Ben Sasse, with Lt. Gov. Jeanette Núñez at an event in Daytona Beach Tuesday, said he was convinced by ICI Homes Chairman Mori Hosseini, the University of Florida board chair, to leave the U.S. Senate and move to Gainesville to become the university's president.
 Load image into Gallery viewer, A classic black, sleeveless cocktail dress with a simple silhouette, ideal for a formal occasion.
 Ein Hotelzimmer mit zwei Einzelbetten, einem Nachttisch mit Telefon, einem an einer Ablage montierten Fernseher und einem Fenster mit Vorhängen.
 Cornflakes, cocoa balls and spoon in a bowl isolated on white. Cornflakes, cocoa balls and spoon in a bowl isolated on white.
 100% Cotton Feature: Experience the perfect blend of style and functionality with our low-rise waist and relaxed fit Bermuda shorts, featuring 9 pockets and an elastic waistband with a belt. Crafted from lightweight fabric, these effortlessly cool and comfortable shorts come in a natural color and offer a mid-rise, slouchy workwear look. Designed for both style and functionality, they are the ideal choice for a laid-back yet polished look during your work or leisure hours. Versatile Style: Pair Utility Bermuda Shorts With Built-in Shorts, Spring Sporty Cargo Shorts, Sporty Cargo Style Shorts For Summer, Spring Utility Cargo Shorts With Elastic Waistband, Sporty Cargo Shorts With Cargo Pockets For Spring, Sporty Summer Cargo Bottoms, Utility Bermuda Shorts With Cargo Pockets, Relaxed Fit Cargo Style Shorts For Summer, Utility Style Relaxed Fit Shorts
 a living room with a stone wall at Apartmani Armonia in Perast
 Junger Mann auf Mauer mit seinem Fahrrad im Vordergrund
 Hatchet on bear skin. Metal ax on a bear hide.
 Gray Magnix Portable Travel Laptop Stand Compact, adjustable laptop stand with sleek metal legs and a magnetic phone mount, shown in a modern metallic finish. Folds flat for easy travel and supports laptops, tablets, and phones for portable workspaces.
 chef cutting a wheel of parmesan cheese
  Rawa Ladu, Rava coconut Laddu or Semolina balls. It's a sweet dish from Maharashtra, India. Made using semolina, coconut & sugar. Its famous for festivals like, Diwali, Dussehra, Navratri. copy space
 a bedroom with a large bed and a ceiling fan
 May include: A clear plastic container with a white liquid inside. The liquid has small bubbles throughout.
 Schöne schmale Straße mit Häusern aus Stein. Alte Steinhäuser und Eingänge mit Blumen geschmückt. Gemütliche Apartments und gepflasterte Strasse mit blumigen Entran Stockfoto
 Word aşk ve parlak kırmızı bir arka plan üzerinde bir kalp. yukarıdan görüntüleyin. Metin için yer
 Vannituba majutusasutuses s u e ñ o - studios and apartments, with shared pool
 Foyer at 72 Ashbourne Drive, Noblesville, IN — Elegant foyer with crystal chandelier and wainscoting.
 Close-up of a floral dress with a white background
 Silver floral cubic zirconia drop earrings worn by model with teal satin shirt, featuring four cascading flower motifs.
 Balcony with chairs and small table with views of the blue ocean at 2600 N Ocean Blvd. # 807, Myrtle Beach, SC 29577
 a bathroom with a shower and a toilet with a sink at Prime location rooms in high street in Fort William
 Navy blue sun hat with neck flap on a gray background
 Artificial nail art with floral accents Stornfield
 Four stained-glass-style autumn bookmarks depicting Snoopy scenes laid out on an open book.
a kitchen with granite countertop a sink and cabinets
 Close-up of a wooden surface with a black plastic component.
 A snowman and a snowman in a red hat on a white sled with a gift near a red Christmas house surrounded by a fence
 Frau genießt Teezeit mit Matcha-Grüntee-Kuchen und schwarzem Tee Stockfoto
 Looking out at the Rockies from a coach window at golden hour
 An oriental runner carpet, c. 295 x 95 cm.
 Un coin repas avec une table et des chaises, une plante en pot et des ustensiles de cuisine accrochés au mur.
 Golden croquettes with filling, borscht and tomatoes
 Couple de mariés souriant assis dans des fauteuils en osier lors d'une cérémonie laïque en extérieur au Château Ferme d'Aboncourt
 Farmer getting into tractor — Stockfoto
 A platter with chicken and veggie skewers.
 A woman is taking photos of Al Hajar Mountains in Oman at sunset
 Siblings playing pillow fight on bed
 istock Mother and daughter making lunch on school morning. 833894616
***
• _Aim of the task_
Among the lines above, find the ones containing "balls" and copy them.

• _Result of this task_
 Cornflakes, cocoa balls and spoon in a bowl isolated on white. Cornflakes, cocoa balls and spoon in a bowl isolated on white.
  Rawa Ladu, Rava coconut Laddu or Semolina balls. It's a sweet dish from Maharashtra, India. Made using semolina, coconut & sugar. Its famous for festivals like, Diwali, Dussehra, Navratri. copy space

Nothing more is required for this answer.